Has anyone out there have any experience they'd like to share to add to this discussion?  Please do!

Dorf (with tired /sore arms)

For decades Brad Dimmock has a lot of time on the oars. Here's a link to his blog spot: http://fretwaterlines.blogspot.com/

If you read down to his post of February 15, 2015 Brad discusses Pete Culler's and others impact on oar tuning. Brad has already held the workshop in his wondorous shop in Flagstaff. However you can still read about tuning oars. His a link to a synopsis of his thoughts. http://www.riverswest.org/uploads/1/6/4/3/16435358/pete_culler_oars...

Further research will lead to Pete's info on Amazon.com

Good Luck Ants and Phil. Ants, how was your drive home?

Rick N

Ants/Dorf : No expert here but I have made several sets of oars using ash, DF, lumber yard spruce some with PW blades.  Some have 3/16" nylon wraps and some have traditional "leathers" that are sewn on rather than tacked on to the shaft.  For oar stops I prefer to tie turk's head knots but some have leather collars.  If you look  on page 97 of the  photo's, Rick Newman was kind enough to post some for me( I have a hard time with a cell phone).

My drift boat rowing is very limited- as my son now has  the boat  out in Lyle, WA and I do not pretend to be a "whitewater" rower. However, I have lots of time rowing a Peapod in  open water sometimes in heavy water with 2-3 ft rollers in Cape Cod Bay.

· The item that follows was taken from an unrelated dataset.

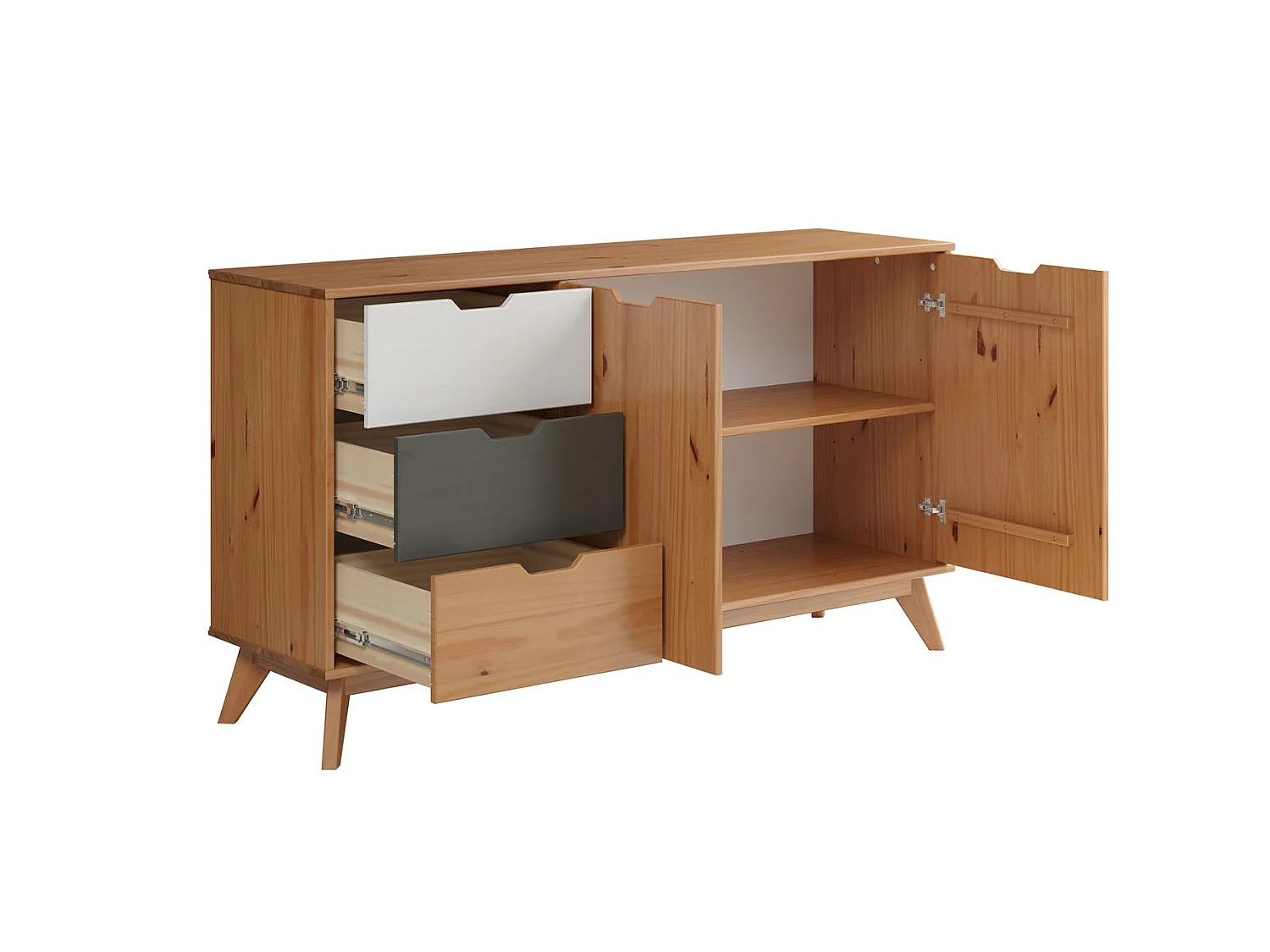 Scandik buffet 2 portes, 3 tiroirs miel,blanc,gris.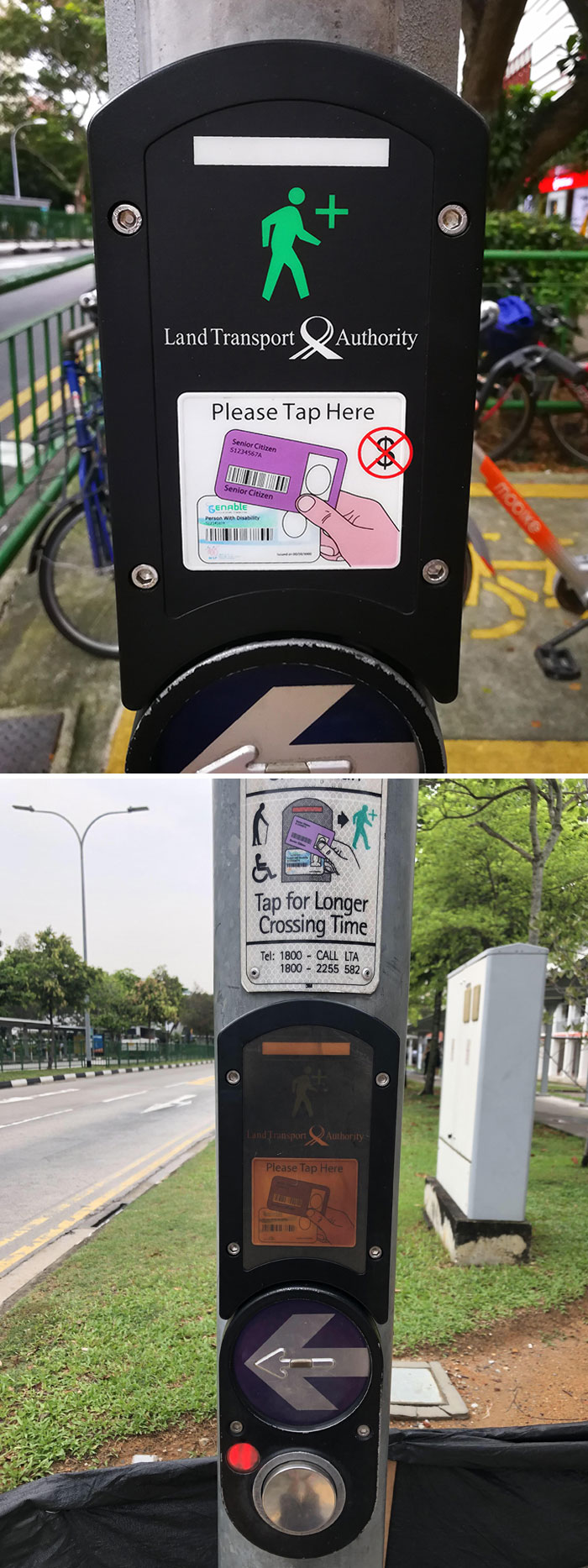 à singapour, les piétons âgés peuvent taper sur leur carte d’identité pour avoir plus de temps au passage piéton.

The ash oars are heavy and carving away at the blades and lower part of the loom helped but not much. These oars are stiff and as R.D.Culler put it they have no "life". They were a PITA to row for any distance. The balance point was way outboard of the oarlock.  I  hung the oar on a string and started adding fishing weights at the handle such that the balance point was just below the 12" wraps. Too much lead to fit into the handle so I cast a "collar"  to fit just below the handle about 1/2" larger in dia than the handle. Looks a little goofy but much easier  to row- and the oar will float if dropped overboard.

One set of oars are made with lumberyard spruce has wood glued to form a square counterweight between the handle and the leathers with plywood blades has a better balance and some spring when rowing.

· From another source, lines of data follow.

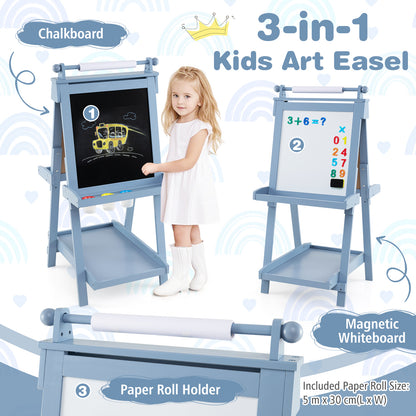 3-in-1 Double-sided Art Easel Foldable Easel for Kids-Blue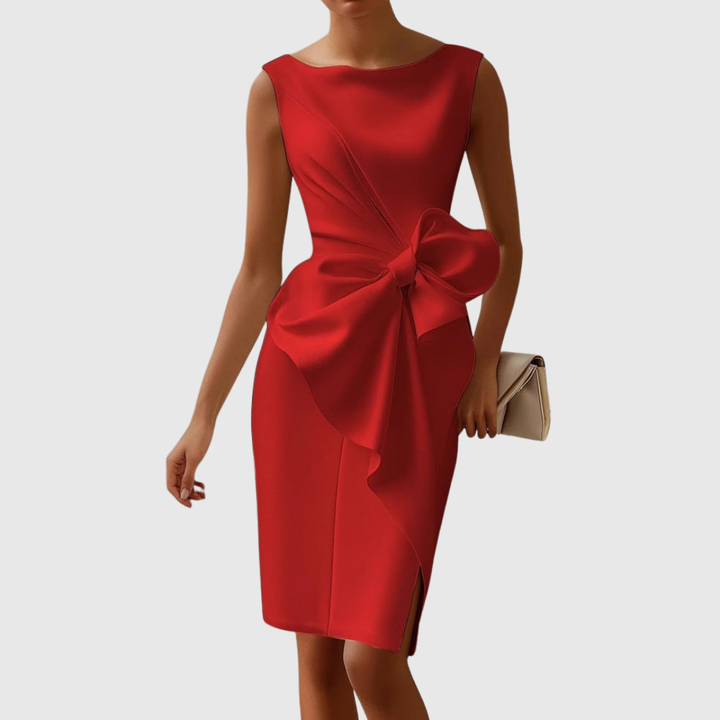 Olivia | Womens Elegant Bow Detail Midi Dress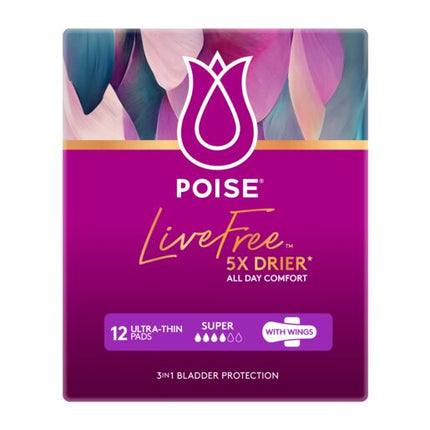 Poise Livefree Pad Super Wing 12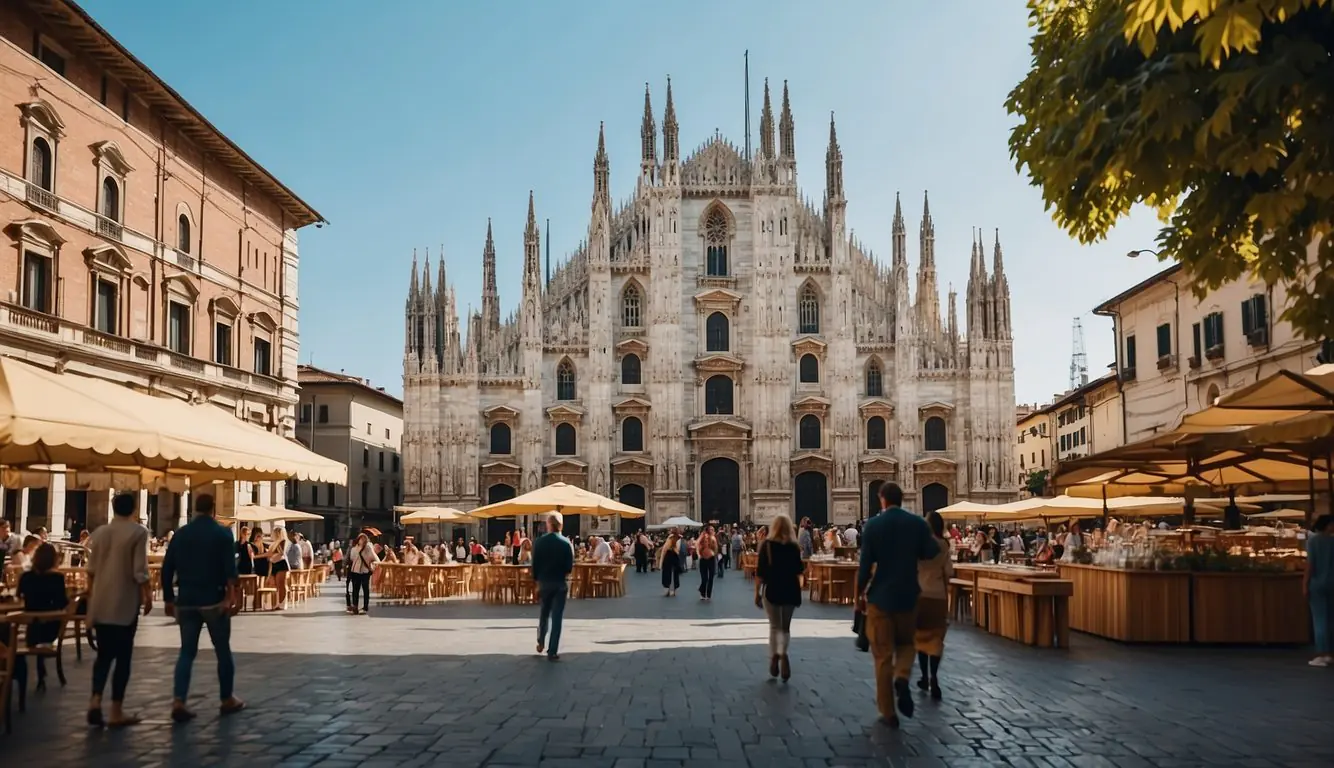 A bustling city square with colorful buildings, outdoor cafes, and families strolling along cobblestone streets. The iconic Duomo di Milano looms in the background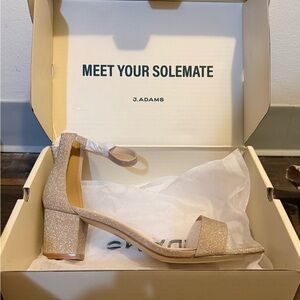 J. Adams Women's Glitter Block Heel Sandals - Champagne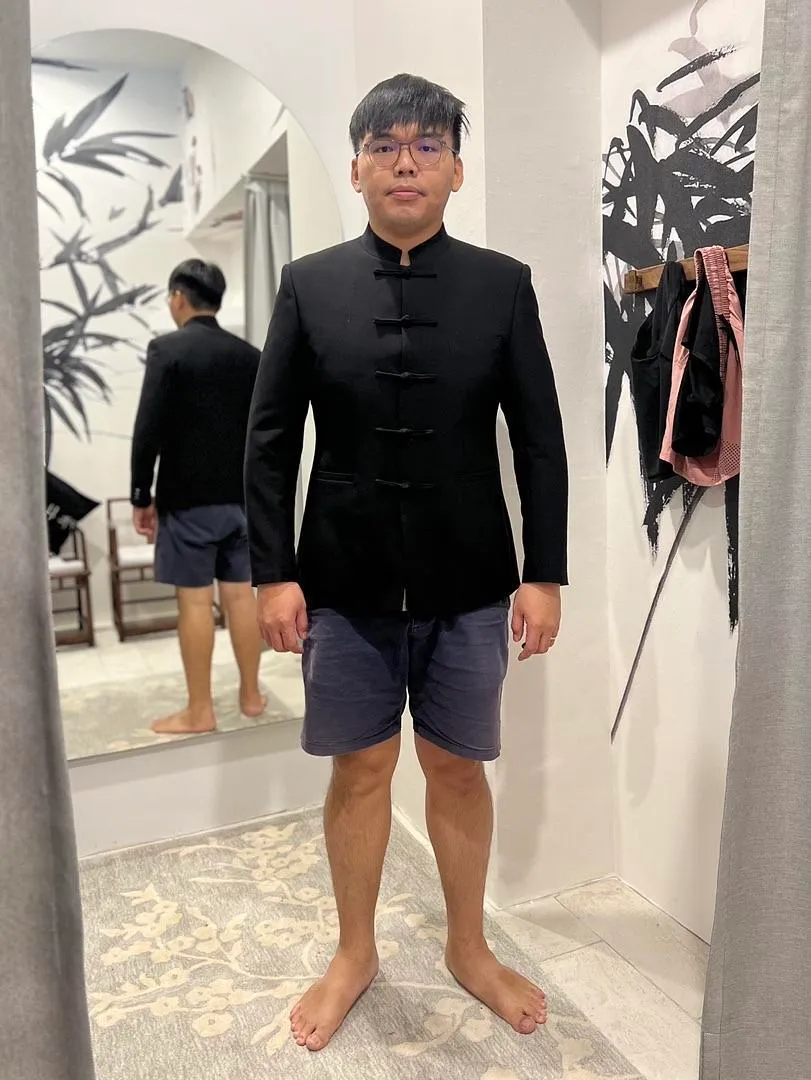 S05AAT 1169 dragon fly male kua Full black chinese button 中山裝 XL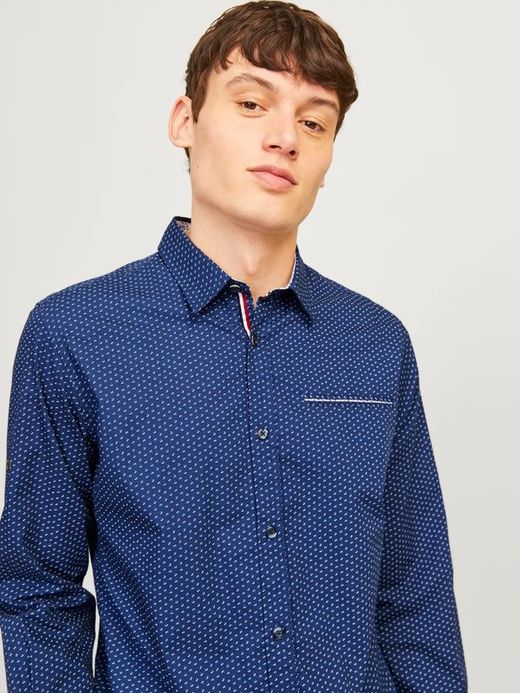 Camisa m/l con micromuestra Jack & Jones Medium Blue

The best pair have DF shafts 2" in dia  with no grain runout and the neck shaved down to 1"-1 1/4" at the blade which is 6mm Merranti PW and 14" leathers.  With sewn leathers  you just look at the "seam" to get the proper orientation for the blade as I keep the seam off the bottom of the oarlock.

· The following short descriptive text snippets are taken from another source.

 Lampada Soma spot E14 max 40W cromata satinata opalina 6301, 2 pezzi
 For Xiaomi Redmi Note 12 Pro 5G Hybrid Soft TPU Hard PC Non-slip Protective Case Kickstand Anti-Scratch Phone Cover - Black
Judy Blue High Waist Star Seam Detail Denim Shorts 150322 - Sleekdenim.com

Cullers book is out of print(he is also)  and gives excellent oar building advice- more for openwater rowing rather than river running.

Good Luck

Lawrence, there is at least 25 copies on Amazon.com as of 8:25 AM today. From $20.25 and up.

Rick N

Thanks for comments so far. The comments have motivated me.

The above reference (hopefully) links to an article from Wooden Boat magazine the discusses Pete Culler oar design. The dimension that caught my eye was the 12-inch balance point outboard of the oar lock.

In addition, I just bought a copy of Culler's book on Oars and Rowing (not exact title).

There are also suggestions for an ideal oar weight, but that will only come from correct wood.

I have a set of spruce (hand made) spruce oars that I use on my rowing canoe. The oars haven't been used on the drift boat since they are 1/2 foot short for the suggested length. It seems like it is time to experiment and play.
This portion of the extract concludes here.